Ну, я за ночь сократил «Ленин в 1918 году», вырезал четыре части. Только удивился: в начале моей фамилии нет, идет прямо так: вторые режиссеры Васильев и Аронов. Что такое? А куда вообще девалось все остальное? А потом вспомнил: я-то стоял вместе с Каплером в одной надписи. Каплера вырезали и меня вырезали.
Я говорю Большакову:
– Меня там нет.
– Как, нет?
– Вот да, так вот, вырезано.
– Хм. А? Вырезано? Ну это мы быстро, сейчас на хронику позвоню, они в момент, на какой-нибудь бумаге снимут и вставят.
Ну, утром сделали на сорок минут, закончили все это дело. Велели мне к двенадцати приходить в Большой театр, там, значит, просмотр.

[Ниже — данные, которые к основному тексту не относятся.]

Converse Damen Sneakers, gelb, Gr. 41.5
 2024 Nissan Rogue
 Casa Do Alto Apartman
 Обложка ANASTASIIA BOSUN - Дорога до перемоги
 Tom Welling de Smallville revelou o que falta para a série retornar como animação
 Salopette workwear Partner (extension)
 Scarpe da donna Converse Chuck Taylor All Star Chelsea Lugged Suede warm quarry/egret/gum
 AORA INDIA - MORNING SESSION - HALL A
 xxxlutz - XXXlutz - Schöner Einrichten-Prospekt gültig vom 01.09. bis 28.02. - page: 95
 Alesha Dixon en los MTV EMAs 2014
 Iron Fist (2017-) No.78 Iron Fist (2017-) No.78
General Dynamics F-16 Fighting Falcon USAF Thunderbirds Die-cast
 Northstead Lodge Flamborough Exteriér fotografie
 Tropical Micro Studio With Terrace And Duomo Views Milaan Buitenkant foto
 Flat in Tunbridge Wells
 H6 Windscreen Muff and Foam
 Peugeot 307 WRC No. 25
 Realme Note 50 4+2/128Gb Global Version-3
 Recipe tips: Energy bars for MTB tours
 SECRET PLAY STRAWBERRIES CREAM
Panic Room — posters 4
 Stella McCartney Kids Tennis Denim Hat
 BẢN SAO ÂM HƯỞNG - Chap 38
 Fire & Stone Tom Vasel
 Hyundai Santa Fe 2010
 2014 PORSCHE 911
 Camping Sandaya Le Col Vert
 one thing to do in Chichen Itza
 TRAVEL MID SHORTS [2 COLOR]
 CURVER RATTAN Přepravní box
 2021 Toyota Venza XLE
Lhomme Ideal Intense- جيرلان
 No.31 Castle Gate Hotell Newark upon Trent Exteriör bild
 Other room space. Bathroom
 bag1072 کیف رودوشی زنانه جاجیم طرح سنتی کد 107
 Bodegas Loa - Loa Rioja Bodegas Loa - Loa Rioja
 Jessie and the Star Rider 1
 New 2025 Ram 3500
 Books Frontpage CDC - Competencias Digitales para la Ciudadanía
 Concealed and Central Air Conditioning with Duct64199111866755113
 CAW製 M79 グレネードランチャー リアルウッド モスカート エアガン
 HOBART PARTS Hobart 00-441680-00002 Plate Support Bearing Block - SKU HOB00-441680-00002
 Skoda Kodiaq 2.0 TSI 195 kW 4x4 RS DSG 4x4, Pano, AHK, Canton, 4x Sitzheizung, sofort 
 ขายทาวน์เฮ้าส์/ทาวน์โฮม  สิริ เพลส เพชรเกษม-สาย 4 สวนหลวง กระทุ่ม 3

В Большой театр прихожу, там уже собираются певцы, прокашливаются, балетные, какие-то чтецы, собирается оркестр. А в большой главной правой ложе, где будет сидеть Сталин и все окружение, сидят незнакомый какой-то полковник или генерал, Храпченко, Большаков.
Оказалось, генерал-то – это Власик, начальник охраны Сталина.